Then I watch as my best friend turns back around again and walks away.
Maybe for the very last time.
I whisper back to her and can only hope that she can still hear me.
“Bye, Nikki.”
King
“What exactly did the fucking thing say again?” Bear asked.
“Here,” I said, flinging the envelope across the room. It landed on the floor. Bear reached down and unfolded the paper I wish I’d never received. He muttered as he read through the lengthy letter from the state, informing me that since I didn’t qualify for guardianship of Max, that they would like to put her up for adoption. They’d already had an interested family reach out to her caseworker.
They’d already taken her from me physically, and now they wanted me to give them permission to give her to another family and strip the King name from her.
It was the last fucking thing I needed.
Bear and I were delirious and running on only a few hours of sleep in a week. We’d spent a shit load of time running offense, actively searching for Eli. We’d been everywhere from Miami to Atlanta, but the guy was like a ghost. Every bit of information we received brought us somewhere he’d just left.
Sometimes we’d missed him by just minutes.
“Says here they can’t do shit without you signing off,” Bear concluded, flicking the letter with his index finger, tossing it haphazardly onto the coffee table.
“Yeah, but it’s also basically saying that if I don’t sign off she’ll be in fucking foster care until she’s eighteen.” I twisted the last piece of my tattoo gun in place. “Don’t know if I can do that to her, man. When I was a kid, I would’ve given anything for my mom to actually be a mom. Fuck, I would have given anything just to know who my father was.”
“But your mom was a fucking cunt,” Bear stated, “and now she’s a dead fucking cunt.”
“Her being a dead fucking cunt is the reason I don’t have my kid,” I reminded him, “and maybe she’s better off living with normal people who don’t have to worry about all this bullshit of killin’ or being killed.”
Bear rolled his eyes. “Bullshit. Killing motherfuckers is business. Ain’t got shit to do with family. What the fuck do they know, anyway? We’re lawless, my friend. Civilians can’t wrap their little fucking brains around what that means without getting their frilly panties in a fucking twist.”
“You do know that in the eyes of the MC I’m a civilian,” I countered.
Bear waved me off. “Just to my old man, and what the fuck does he know?”
I paused for a minute, before I shared something with Bear I’d never told anyone else. Even Preppy. “If I ever get the chance to be a real dad to Max…I’m going full civilian.”
“Like you had to tell me. I fucking knew that shit. Let me know how your application to fucking DeVry pans out, you fucking pussy,” Ghost-Preppy taunted.
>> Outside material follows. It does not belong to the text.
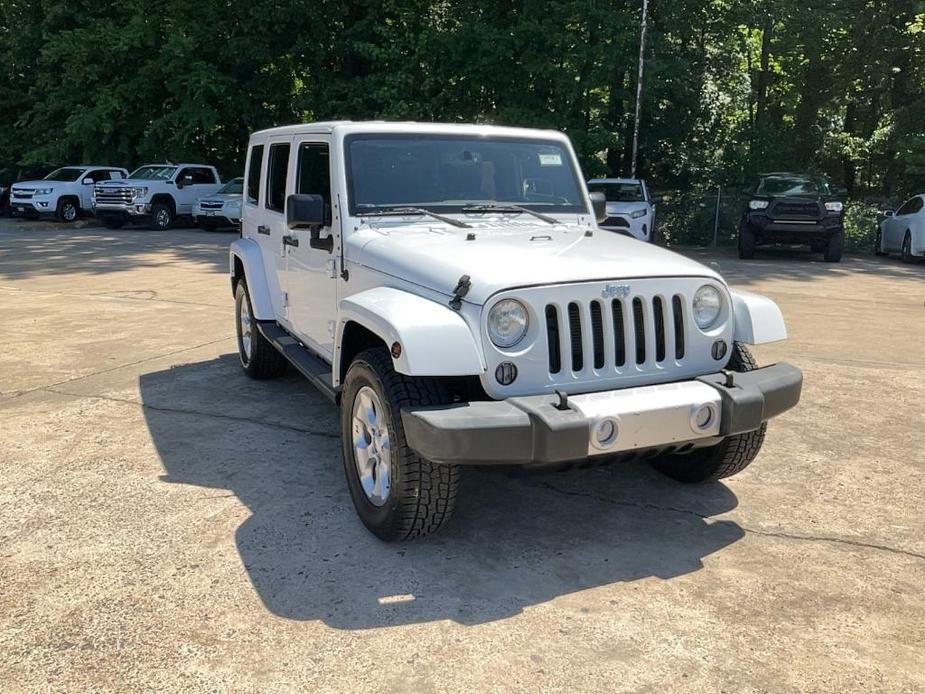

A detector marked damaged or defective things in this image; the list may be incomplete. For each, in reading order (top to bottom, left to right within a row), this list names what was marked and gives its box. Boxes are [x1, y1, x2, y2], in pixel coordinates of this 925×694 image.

crack in pavement [1, 336, 238, 400]
crack in pavement [42, 386, 340, 440]
crack in pavement [532, 484, 924, 564]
“You ain’t thinking clearly right now. We’ll get Eli all nice and dead first, and then you can think about what a dumb fuck you just sounded like when you informed me that The King of the Causeway is going fucking legit,” Bear scoffed.
I’d expected that response from Bear. I knew he wouldn’t understand what lengths a person would go to for their kid, for their family. “You know how you would do anything for your brothers in the MC?”
Bear nodded. “For the MC. For you. Yeah, man. Anything. Steal, fight, maim, kill. Shit, I’d take a fucking bullet. I’d go back and take Preppy’s fucking bullet right now if I could.” I believed him, because Bear’s loyalties ran deep.
“Well,” I started, “those things are jack shit compared to what you would be willing to do for your own kid.”
It was Bear’s turn to shake his head. I knew he would never really understand what I’d meant unless he up and had a kid of his own someday, and that thought was laughable at best.
I rubbed my hand across the stubble on my jaw, which over the past week, had turned more beard than stubble. All I really wanted was to drag Pup into my bed and settle my face in between her legs for the foreseeable future.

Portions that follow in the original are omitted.